**About this task**
Set down, exactly as they stand, the lines from the one containing "Large neutral square" through the last line of the records below, leaving every picture out.

=== Begin Enclosure ===

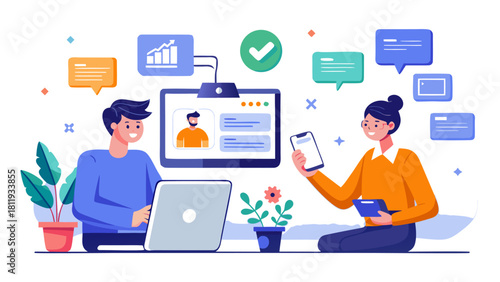 Team collaboration and digital communication in modern workplace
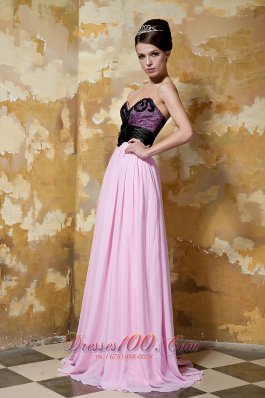 Pink and Black Column Brush Prom Celebrity Dress Hand Made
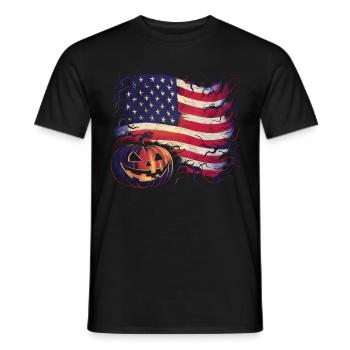 Halloween Costume Zombie Pumpkin Blood Spirit Party - Men's T-Shirt - black - Front - AI Model Male 178 light (178cm)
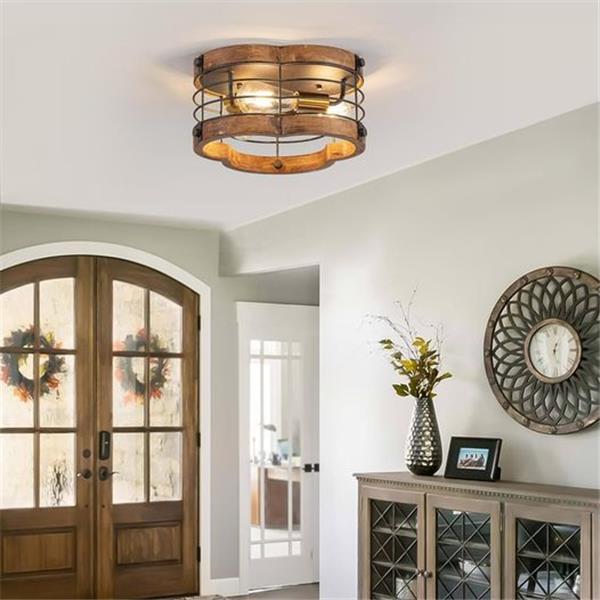 wochos Farmhouse Flush Mount Ceiling Light, 12.2 Inch 2-Light Metal and Wood Close to Ceiling L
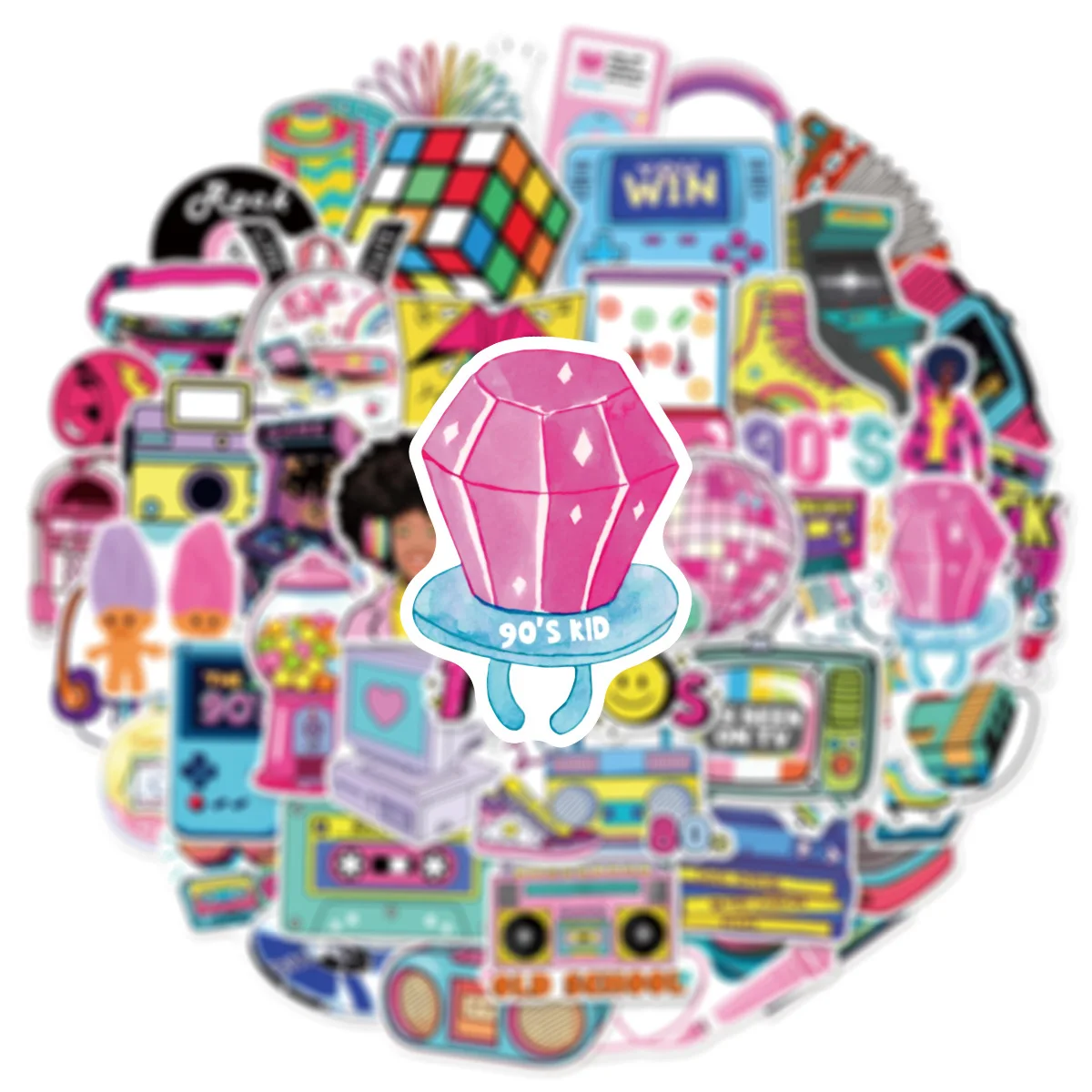 50 SZTUK Naklejek Cartoon Retro Small Fresh Graffiti DIY Dekoracja Etui na Telefon Komórkowy Notatnik Kubek na Wodę Wodoodporne Naklejki Zabawki Prezent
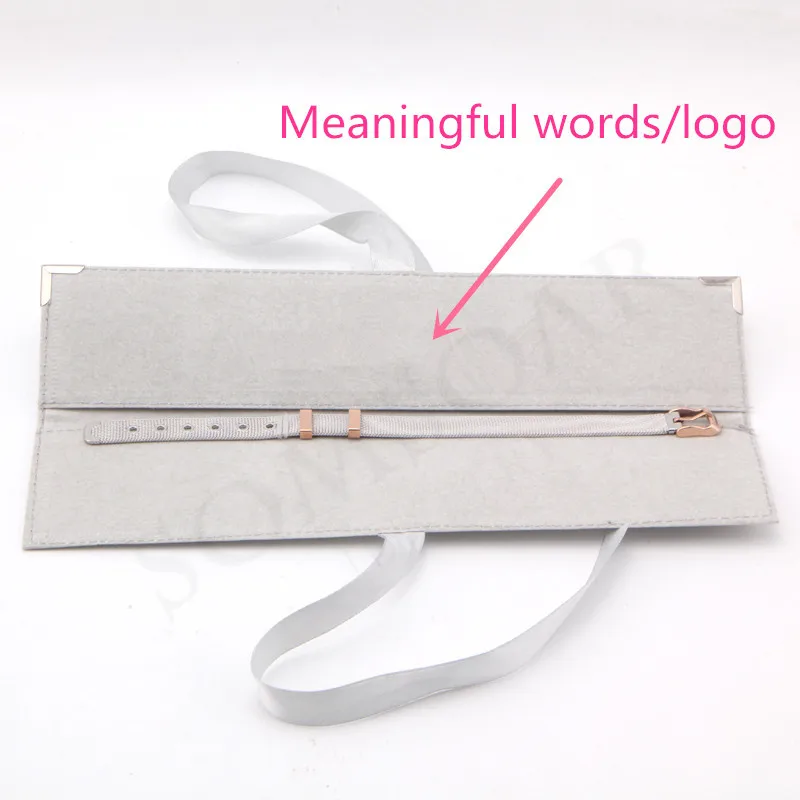 

"PRESELL PRODUCT" Somsoar Jewelry 24.5*5.5cm Rectangle lint bag fit 21cm Mesh Bracelet Leather Wrap Bracelets Bangle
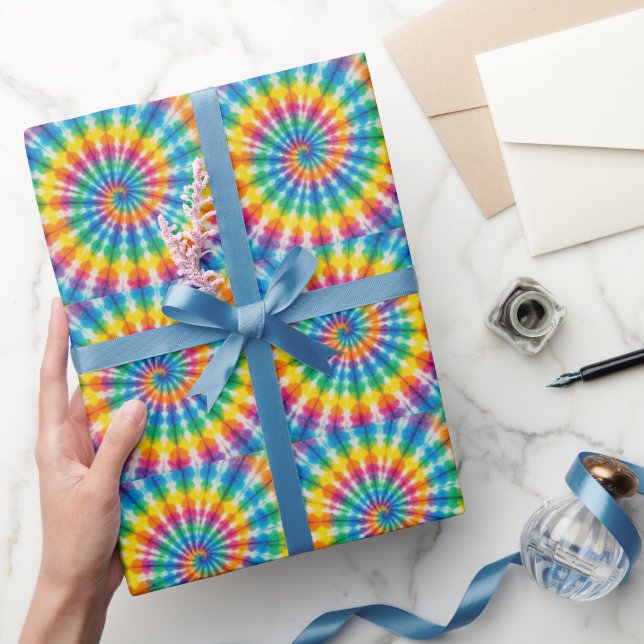 Regenbogen-Psychedelic-Tie-Dye-Geschenkpapier Geschenkpapier (Schenken)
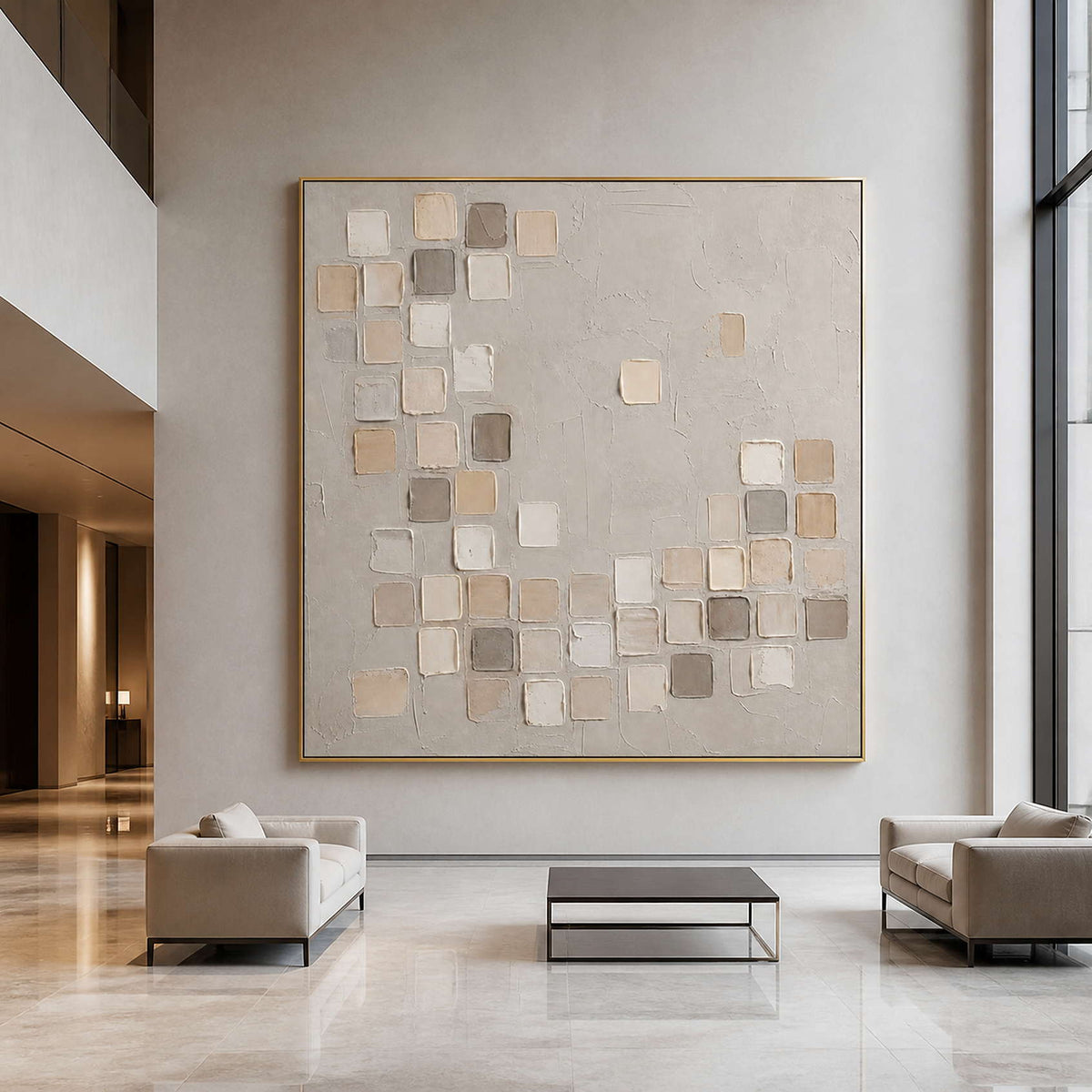 Large neutral square wall art in a modern hotel lobby with a gold frame.
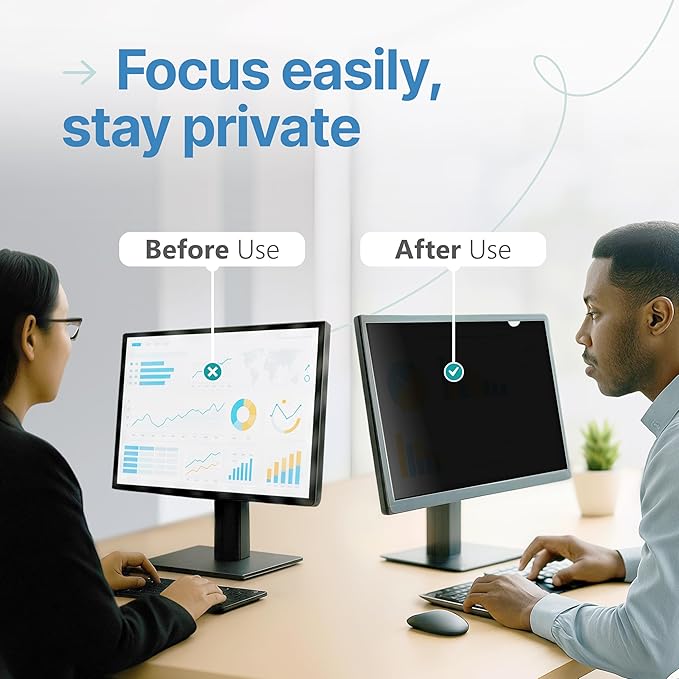 VINTEZ [2 Pack] 23.6 Inch 16:9 Privacy Screen for Computer Monitor and Laptop - Anti Glare Protector Film Blue Light Filter Eye Protection - Computer Screen Privacy Shield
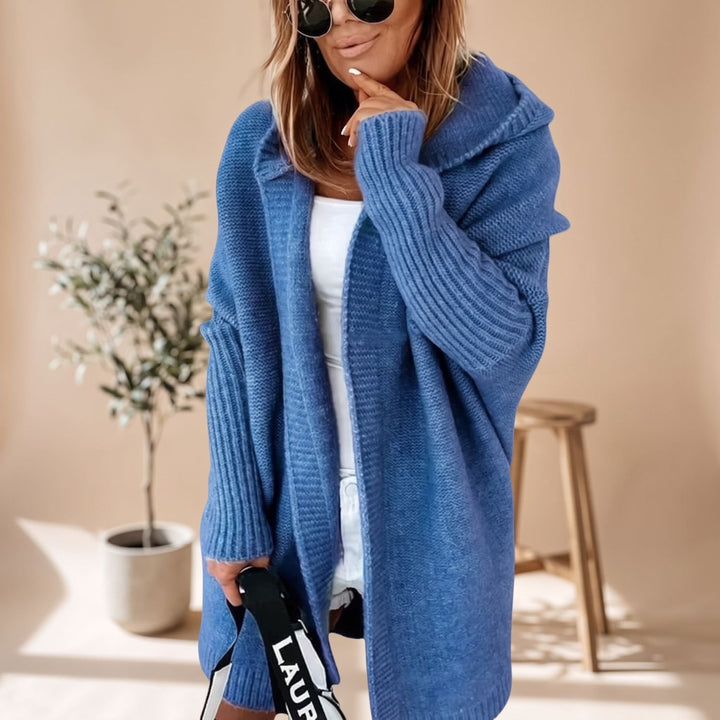 Women's Cozy Hooded Open-Front Knit Cardigan - Blue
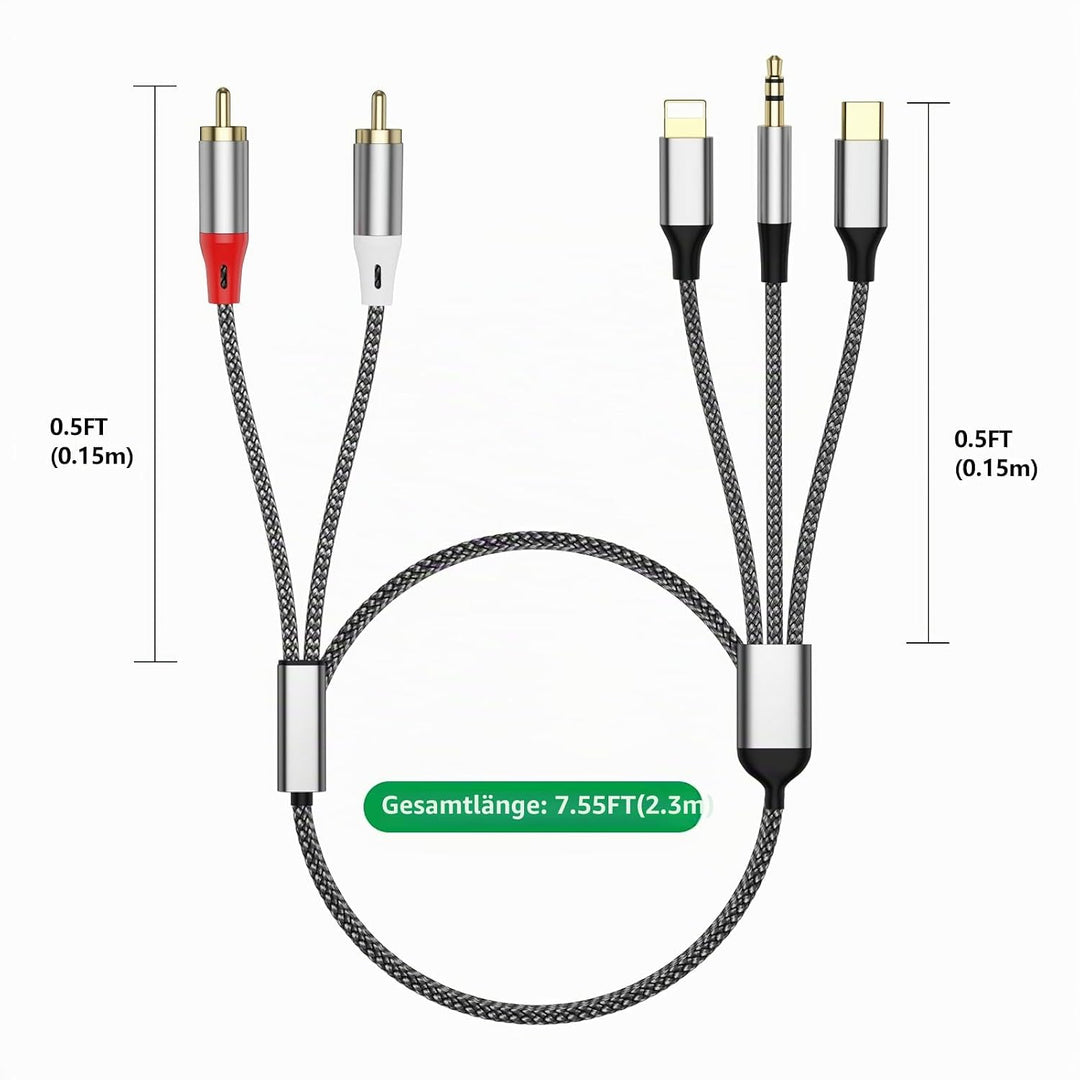 3-in-1 RCA-Audiokabel, verwendet für Lig-htn-ing zu RCA-Kabeladapter, USB C zu 2 R-CA-Kabel, 3.5mm A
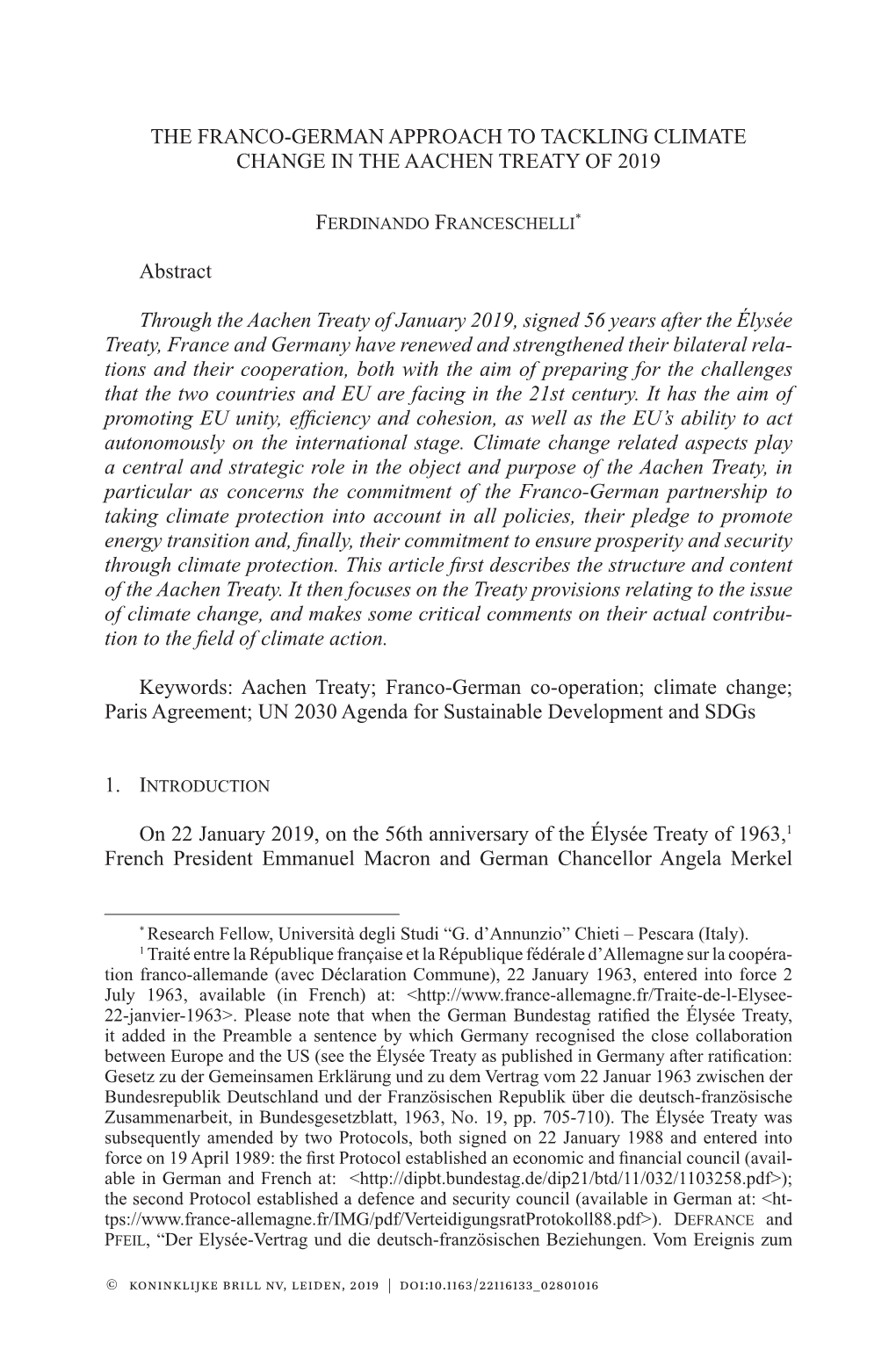 THE FRANCO-GERMAN APPROACH to TACKLING CLIMATE CHANGE in the AACHEN TREATY of 2019 Abstract Through the Aachen Treaty of January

=== End Enclosure ===

**Solution for this problem**
 Large neutral square wall art in a modern hotel lobby with a gold frame.
 VINTEZ [2 Pack] 23.6 Inch 16:9 Privacy Screen for Computer Monitor and Laptop - Anti Glare Protector Film Blue Light Filter Eye Protection - Computer Screen Privacy Shield
 Women's Cozy Hooded Open-Front Knit Cardigan - Blue
 3-in-1 RCA-Audiokabel, verwendet für Lig-htn-ing zu RCA-Kabeladapter, USB C zu 2 R-CA-Kabel, 3.5mm A
 THE FRANCO-GERMAN APPROACH to TACKLING CLIMATE CHANGE in the AACHEN TREATY of 2019 Abstract Through the Aachen Treaty of January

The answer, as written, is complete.